__Supplied records__:
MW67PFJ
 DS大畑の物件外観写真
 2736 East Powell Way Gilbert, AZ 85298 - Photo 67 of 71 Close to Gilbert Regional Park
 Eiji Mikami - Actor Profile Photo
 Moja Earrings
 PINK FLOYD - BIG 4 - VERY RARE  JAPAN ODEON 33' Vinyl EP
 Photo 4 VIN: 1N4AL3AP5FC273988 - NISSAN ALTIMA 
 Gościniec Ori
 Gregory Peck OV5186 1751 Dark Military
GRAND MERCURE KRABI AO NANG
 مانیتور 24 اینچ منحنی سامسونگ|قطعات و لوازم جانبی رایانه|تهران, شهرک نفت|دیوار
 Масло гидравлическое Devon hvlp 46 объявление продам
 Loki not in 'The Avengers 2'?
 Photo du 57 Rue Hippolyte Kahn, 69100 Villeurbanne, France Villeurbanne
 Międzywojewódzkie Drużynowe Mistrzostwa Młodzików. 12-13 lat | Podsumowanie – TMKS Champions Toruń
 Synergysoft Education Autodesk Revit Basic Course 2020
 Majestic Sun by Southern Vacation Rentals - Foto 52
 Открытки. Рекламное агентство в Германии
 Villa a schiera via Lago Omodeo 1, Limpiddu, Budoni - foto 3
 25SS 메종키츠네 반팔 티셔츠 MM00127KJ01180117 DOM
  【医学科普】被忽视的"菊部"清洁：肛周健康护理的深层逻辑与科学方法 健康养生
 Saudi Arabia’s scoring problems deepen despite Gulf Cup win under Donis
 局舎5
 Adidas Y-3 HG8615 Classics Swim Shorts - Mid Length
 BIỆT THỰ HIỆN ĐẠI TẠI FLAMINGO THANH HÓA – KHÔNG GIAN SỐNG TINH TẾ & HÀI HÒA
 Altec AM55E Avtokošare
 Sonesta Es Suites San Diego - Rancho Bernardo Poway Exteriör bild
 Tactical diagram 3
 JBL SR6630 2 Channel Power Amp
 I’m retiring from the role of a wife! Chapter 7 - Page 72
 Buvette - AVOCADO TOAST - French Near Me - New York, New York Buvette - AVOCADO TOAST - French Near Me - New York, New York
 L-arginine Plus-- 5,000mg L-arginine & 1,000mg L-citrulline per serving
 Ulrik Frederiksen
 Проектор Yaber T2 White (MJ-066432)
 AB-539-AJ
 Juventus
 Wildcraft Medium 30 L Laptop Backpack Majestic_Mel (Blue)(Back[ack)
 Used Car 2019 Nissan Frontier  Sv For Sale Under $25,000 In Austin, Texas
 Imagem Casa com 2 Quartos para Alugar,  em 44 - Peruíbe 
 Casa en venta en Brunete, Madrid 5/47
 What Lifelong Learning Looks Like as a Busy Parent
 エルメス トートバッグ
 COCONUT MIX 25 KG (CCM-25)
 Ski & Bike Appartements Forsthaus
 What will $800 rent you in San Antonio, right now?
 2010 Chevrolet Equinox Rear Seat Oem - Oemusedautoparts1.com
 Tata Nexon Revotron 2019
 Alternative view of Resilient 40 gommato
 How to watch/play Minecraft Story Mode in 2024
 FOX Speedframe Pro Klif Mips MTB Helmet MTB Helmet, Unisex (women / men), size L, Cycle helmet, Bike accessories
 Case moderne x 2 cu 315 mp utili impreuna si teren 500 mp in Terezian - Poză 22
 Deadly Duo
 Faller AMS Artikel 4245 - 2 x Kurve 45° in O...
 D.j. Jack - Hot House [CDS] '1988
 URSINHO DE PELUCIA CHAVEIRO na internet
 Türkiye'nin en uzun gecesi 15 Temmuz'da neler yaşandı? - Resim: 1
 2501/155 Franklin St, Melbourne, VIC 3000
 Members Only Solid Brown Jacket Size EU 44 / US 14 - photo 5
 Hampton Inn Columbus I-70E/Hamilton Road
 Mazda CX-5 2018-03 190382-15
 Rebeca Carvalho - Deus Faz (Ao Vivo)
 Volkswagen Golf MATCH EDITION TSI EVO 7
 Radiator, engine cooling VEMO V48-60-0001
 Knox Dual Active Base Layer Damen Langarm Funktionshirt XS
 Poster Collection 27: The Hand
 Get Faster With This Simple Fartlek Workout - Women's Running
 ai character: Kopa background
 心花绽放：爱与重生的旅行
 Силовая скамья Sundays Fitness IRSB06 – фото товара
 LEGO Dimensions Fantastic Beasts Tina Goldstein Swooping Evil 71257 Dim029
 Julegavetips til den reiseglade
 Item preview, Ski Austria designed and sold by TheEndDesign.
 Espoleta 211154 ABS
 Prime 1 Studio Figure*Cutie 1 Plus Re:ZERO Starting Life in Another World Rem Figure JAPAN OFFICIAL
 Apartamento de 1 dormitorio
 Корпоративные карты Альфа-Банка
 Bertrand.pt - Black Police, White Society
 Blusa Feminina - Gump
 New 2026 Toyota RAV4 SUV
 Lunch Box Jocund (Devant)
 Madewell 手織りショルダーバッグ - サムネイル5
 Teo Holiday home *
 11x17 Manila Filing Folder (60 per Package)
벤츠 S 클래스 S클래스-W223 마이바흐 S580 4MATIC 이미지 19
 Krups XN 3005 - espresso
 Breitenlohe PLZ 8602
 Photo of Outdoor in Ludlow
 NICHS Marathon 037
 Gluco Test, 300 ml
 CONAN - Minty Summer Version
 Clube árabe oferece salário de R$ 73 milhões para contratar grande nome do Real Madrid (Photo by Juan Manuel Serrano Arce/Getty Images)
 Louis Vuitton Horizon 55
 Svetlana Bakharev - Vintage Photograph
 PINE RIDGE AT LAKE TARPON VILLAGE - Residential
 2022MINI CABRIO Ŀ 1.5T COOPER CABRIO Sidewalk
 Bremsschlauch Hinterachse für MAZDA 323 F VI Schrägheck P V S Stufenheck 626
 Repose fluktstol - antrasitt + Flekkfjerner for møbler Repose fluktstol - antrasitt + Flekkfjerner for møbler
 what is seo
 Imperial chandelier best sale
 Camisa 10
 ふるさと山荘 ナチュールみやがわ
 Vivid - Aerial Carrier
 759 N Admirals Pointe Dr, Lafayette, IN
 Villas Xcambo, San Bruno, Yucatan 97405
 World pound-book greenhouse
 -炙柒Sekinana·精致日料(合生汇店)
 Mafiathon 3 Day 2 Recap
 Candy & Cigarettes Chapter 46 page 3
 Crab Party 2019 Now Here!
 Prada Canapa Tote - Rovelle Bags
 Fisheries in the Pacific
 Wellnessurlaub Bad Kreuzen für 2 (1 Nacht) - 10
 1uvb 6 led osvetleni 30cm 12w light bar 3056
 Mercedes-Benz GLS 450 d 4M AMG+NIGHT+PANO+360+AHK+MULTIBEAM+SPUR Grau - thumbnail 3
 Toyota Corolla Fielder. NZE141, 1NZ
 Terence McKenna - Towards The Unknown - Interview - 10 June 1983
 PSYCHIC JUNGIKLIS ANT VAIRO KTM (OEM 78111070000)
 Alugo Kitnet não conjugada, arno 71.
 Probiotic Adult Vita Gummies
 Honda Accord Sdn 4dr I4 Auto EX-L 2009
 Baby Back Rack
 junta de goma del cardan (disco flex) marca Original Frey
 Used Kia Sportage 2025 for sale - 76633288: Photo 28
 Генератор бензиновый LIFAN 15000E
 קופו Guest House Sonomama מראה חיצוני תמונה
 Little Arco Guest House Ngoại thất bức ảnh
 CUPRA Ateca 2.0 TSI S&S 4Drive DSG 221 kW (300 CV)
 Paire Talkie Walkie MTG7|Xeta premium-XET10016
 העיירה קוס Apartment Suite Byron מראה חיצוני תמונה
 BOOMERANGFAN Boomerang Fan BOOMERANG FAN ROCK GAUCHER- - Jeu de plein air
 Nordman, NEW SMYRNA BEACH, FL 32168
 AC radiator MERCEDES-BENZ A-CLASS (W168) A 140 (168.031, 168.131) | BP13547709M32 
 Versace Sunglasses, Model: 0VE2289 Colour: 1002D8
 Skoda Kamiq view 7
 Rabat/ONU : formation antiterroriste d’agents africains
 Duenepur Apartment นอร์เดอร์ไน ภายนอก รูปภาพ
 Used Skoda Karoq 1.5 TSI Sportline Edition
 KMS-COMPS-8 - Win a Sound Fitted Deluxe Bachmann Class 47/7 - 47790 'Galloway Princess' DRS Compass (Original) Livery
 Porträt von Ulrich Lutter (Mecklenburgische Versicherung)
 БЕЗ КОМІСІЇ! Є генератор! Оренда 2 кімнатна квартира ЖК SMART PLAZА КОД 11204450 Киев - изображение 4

__What is expected__: Write down exactly the span of lines above from the one containing "-炙柒Sekinana·精致日料(合生汇店)" to the one containing "1uvb 6 led osvetleni 30cm 12w light bar 3056", both ends included.

__Reply to the exercise__:
 -炙柒Sekinana·精致日料(合生汇店)
 Mafiathon 3 Day 2 Recap
 Candy & Cigarettes Chapter 46 page 3
 Crab Party 2019 Now Here!
 Prada Canapa Tote - Rovelle Bags
 Fisheries in the Pacific
 Wellnessurlaub Bad Kreuzen für 2 (1 Nacht) - 10
 1uvb 6 led osvetleni 30cm 12w light bar 3056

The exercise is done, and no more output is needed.